- Native name: 伊藤真吾
- Born: January 4, 1982 (age 43)
- Hometown: Hachiōji, Tokyo

Career
- Achieved professional status: April 1, 2007 (aged 25)
- Badge Number: 266
- Rank: 6-dan
- Teacher: Noboru Sakurai [ja] (8-dan)
- Meijin class: C2
- Ryūō class: 4

Websites
- JSA profile page

= Shingo Itō =

Japanese shogi player

Shingo Itō (伊藤 真吾, Itō Shingo) is a Japanese professional shogi player ranked 6-dan.

==Early life, education and apprenticeship==
Itō was born in Hachiōji, Tokyo on January 4, 1982. He learned how to play shogi from his father when he was around five years old, and entered the Japan Shogi Association's apprentice school at the rank of 6-kyū under the guidance of shogi professional Noboru Sakurai in 1993.
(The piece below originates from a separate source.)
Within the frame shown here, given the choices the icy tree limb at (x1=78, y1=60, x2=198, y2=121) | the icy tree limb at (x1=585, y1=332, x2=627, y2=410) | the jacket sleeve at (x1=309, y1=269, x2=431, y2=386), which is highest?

Itō was promoted to the rank of apprentice professional 1-dan in 1998, and apprentice professional 3-dan in 2002. He obtained full professional status and the corresponding rank of 4-dan on April 1, 2007, after finishing in the 40th 3-dan League (October 2006 – March 2007) with a record of 13 wins and 5 losses. Although Itō finished league play in third place one win behind Masayuki Toyoshima and Kōta Kanai, his result was good enough to earn him a second promotion point and gave him the option to enter the professional ranks as a free class player, which he decided to do. Itō was the second player after Yūsuke Ina to obtain professional status under the promotion point system.

==Shogi professional==
===Promotion history===
The promotion history for Itō is as follows:

- 6-kyū: September 1993
- 4-dan: April 1, 2007
- 5-dan: October 25, 2013
- 6-dan: May 13, 2021

==Personal life==
Itō is an alumnus of Asia University, graduating from the university's Faculty of Business Management in 2004.